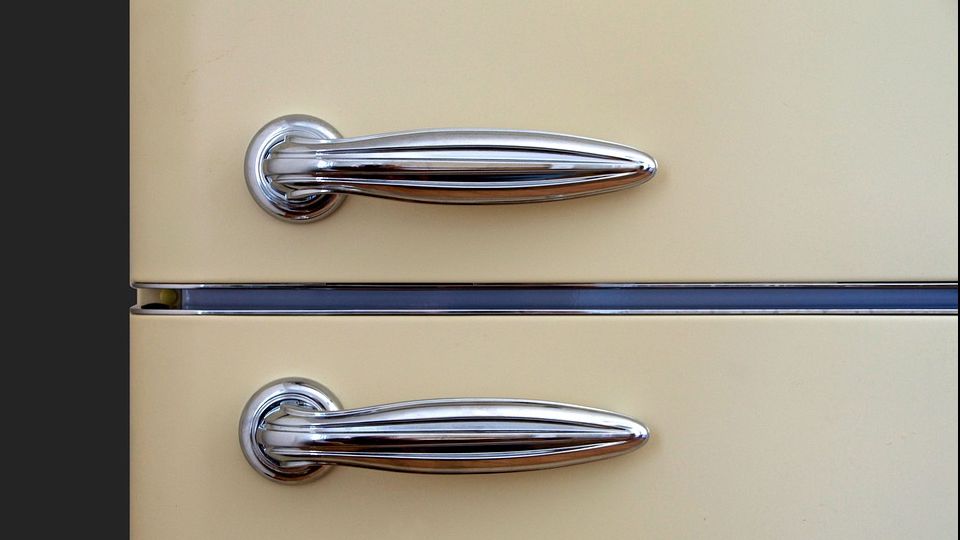 Trei alimente care probabil sunt deja expirate în frigiderul tău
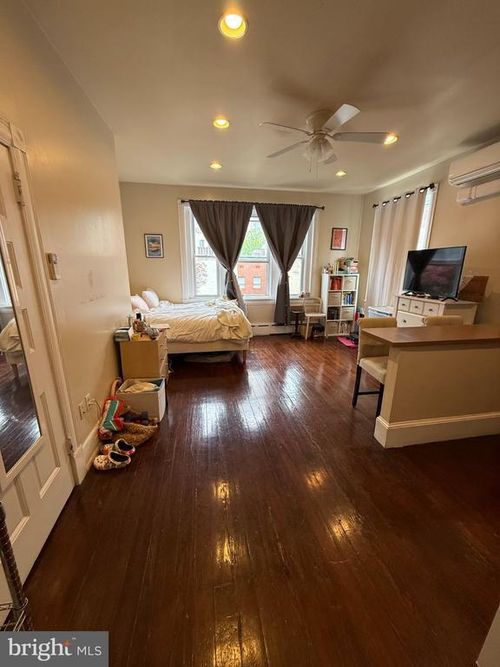 3r-1723 Pine St, PHILADELPHIA, PA, 19103-6701 | Card Image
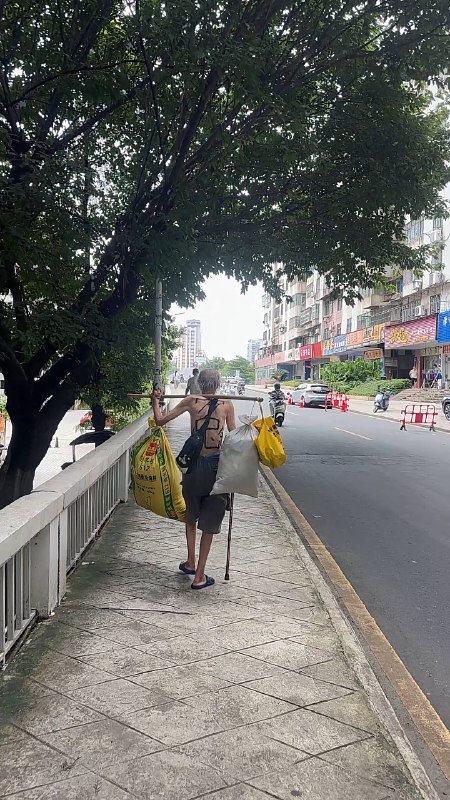大爷这是有多大的冤屈，前面后面刻的都是冤吖，让人看着挺心疼的感谢 Group  投稿！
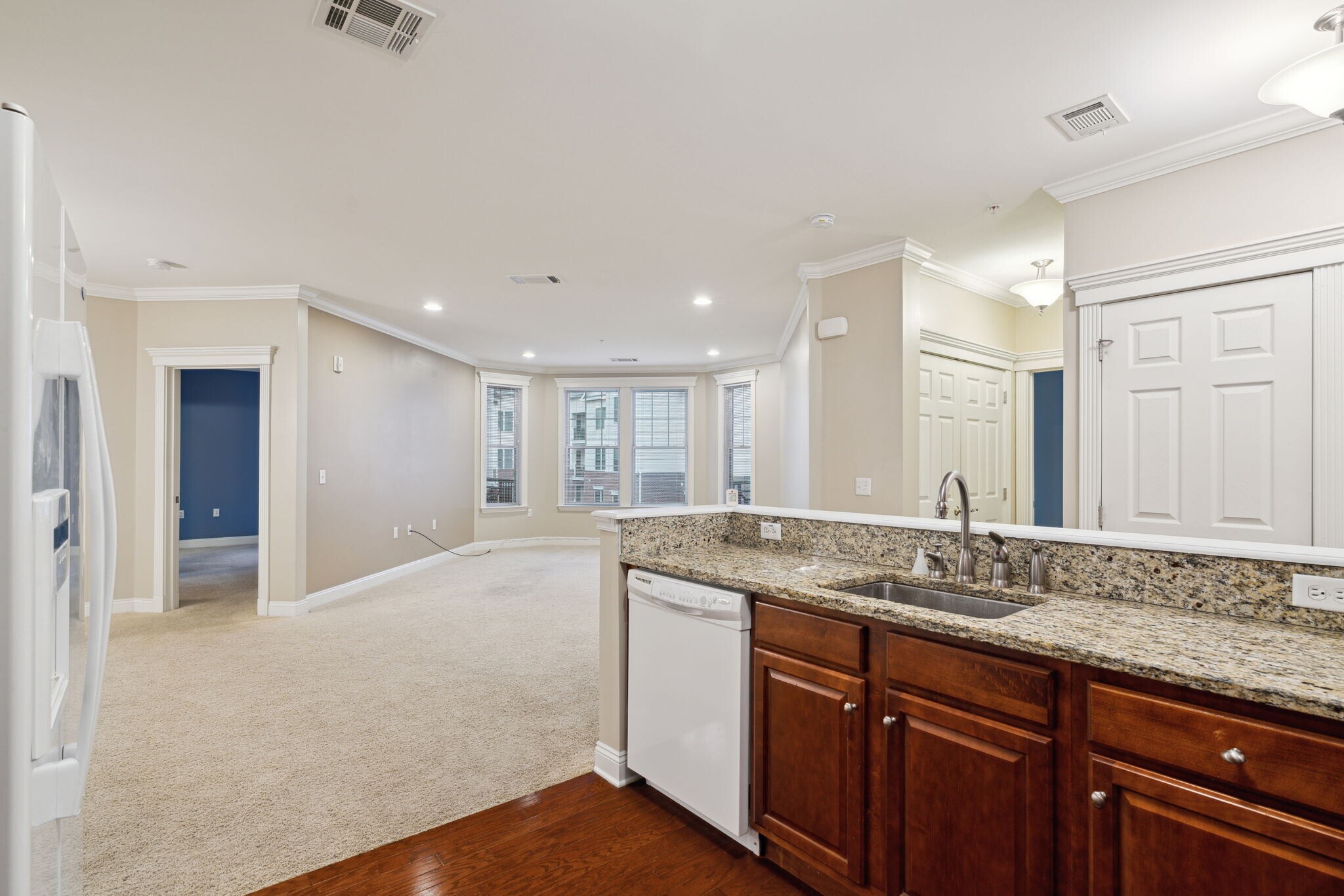 Building Photo - 300 W Elm St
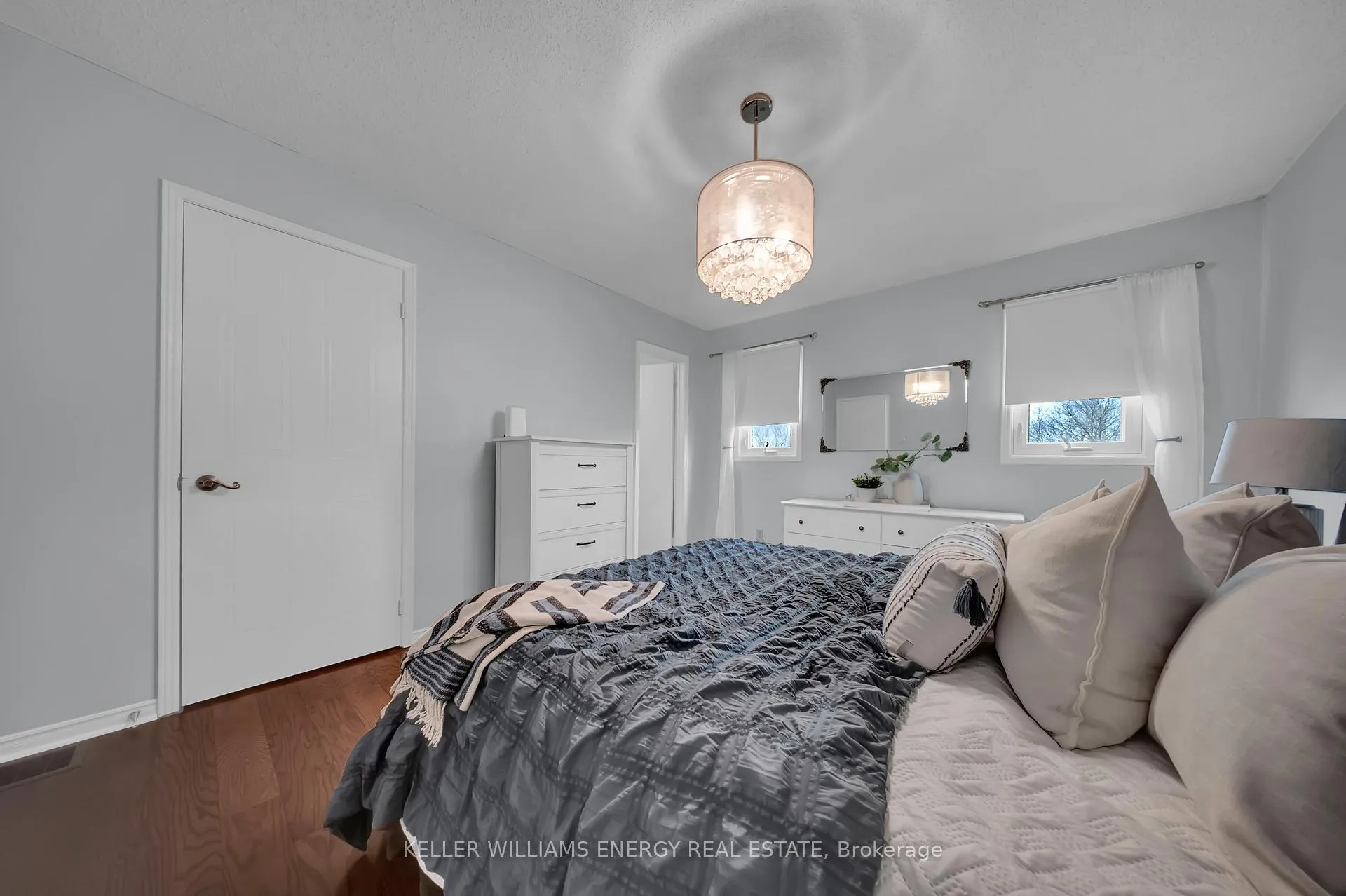 Photo 28 of 39 Longwood Court, Clarington, Courtice — HOMEH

_____

• [Task objective]
Transcribe the material exactly, leaving every picture out.

• [Task answer]
 Trei alimente care probabil sunt deja expirate în frigiderul tău
 3r-1723 Pine St, PHILADELPHIA, PA, 19103-6701 | Card Image
大爷这是有多大的冤屈，前面后面刻的都是冤吖，让人看着挺心疼的感谢 Group  投稿！
 Building Photo - 300 W Elm St
 Photo 28 of 39 Longwood Court, Clarington, Courtice — HOMEH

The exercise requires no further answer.